Queen’s research suggests the Sicilian mafia arose to power from lemon sales in the 1800s
Researchers from Queen’s, in collaboration the University of Manchester and the University of Gothenburg, have uncovered new evidence to suggest that the Sicilian mafia arose to notoriety in response to the public demand for citrus fruits.
Arguably one of the most infamous institutions in the Western world, the Sicilian mafia, first appeared in Sicily in the 1870s and soon infiltrated the economic and political spheres of Italy and the United States.

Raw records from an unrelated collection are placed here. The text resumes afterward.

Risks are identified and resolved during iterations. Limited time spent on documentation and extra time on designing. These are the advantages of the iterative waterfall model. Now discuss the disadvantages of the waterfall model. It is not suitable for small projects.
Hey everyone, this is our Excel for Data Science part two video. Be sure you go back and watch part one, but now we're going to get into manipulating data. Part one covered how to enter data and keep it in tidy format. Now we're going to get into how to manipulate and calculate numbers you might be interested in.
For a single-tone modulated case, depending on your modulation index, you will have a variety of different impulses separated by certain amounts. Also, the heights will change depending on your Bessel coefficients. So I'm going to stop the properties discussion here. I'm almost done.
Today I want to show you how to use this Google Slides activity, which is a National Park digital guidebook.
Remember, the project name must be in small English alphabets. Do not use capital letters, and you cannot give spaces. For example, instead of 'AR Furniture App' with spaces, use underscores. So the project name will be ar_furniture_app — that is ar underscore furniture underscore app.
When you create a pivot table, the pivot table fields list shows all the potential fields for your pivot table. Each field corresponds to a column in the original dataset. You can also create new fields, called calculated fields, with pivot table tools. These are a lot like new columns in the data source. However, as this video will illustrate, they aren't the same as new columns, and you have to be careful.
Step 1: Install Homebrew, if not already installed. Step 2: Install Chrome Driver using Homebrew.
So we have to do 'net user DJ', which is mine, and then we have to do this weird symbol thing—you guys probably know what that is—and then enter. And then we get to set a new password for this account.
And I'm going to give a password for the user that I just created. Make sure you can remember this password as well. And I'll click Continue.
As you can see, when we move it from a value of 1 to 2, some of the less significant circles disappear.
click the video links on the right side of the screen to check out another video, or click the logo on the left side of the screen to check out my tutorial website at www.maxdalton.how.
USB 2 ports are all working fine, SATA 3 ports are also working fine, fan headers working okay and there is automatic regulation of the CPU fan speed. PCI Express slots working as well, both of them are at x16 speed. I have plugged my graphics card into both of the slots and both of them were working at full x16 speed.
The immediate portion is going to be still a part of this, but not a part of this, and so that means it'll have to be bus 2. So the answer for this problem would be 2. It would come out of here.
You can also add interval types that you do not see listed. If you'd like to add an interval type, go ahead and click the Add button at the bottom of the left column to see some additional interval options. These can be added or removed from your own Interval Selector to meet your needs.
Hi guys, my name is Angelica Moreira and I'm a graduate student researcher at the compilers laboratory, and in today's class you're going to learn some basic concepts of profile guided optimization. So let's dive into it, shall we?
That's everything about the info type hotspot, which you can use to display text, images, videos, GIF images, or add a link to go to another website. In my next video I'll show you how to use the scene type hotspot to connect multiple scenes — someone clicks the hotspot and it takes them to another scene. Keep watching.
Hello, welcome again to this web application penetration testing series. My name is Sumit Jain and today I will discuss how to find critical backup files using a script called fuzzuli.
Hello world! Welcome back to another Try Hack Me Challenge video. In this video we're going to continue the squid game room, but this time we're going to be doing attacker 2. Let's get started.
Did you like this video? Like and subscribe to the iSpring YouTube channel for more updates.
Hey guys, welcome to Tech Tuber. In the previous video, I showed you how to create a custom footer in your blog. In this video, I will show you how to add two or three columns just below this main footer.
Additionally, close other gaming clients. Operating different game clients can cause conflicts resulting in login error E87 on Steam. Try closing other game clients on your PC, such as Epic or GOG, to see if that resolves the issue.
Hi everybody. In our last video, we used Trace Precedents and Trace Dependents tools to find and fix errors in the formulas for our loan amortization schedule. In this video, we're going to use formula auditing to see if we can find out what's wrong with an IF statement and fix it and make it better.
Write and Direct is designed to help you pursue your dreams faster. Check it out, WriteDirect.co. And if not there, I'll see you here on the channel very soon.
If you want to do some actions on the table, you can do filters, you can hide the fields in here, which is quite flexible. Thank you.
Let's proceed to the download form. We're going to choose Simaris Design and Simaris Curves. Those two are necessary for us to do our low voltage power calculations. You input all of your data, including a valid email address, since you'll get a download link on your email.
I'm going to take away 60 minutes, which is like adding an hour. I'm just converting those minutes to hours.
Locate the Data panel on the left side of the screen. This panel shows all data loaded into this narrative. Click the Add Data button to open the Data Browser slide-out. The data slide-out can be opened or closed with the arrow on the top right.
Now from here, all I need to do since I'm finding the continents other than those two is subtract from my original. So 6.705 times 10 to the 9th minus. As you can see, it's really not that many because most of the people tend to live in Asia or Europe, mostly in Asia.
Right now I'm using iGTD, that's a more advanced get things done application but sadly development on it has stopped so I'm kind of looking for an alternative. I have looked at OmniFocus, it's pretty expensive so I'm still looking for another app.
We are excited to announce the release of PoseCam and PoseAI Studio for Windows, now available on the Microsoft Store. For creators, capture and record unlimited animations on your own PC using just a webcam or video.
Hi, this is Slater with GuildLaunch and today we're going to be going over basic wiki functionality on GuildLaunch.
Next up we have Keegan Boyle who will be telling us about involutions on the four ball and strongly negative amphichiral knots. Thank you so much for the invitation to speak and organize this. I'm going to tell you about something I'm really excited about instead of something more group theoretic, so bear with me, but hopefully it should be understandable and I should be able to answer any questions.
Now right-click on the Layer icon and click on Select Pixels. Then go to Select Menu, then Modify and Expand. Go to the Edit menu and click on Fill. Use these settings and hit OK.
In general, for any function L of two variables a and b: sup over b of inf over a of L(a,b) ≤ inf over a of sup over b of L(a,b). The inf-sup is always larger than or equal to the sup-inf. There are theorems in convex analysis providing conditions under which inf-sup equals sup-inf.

Dr Arcangelo Dimico, Lecturer in Economics from Queen’s Management School, and the research team hypothesized that the Sicilian mafia rose to power due to the high public demand for oranges and lemons following physician James Lind’s discovery in the late eighteenth century that citrus fruits could prevent and cure scurvy, due to their high levels of vitamin c.
Dr Dimico said: “Although outcomes of the mafia’s actions such as murders, bombings, and embezzlement of public money have been observed during the last 140 years, the reasons behind its emergence are still obscure.
The researchers used two unique data sets from Sicilian towns and districts gathered from a parliamentary inquiry conducted between 1881–1886 (Damiani 1886) and from 1900 (Cutrera 1900). They found that mafia presence in the 1880s is strongly associated with the prevalence of citrus cultivation.
Dr Dimico added: “Given Sicily’s dominant position in the international market for citrus fruits, the increase in demand resulted in a very large inflow of revenues to citrus-producing towns during the 1800s. Citrus trees can be cultivated only in areas that meet specific requirements, such as mild and constant temperature throughout the year and abundance of water, guaranteeing substantial profits to relatively few local producers.
“The combination of high profits, a weak rule of law, a low level of interpersonal trust, and a high level of local poverty made lemon producers a suitable target for predation, as there was little means to effectively enforce private property rights. Lemon producers, therefore, resorted to hiring mafia affiliates for private protection and to act as intermediaries between the retailers and exporters in the harbours.”
Until now the Sicilian mafia’s origins have always thought to have been a consequence of the weak institutional setting related to the failure of the feudal system present in Sicily and from the political instability in Italian history. However this research is the first piece of evidence to suggest that their rise to power was actually due to the boom in the economy.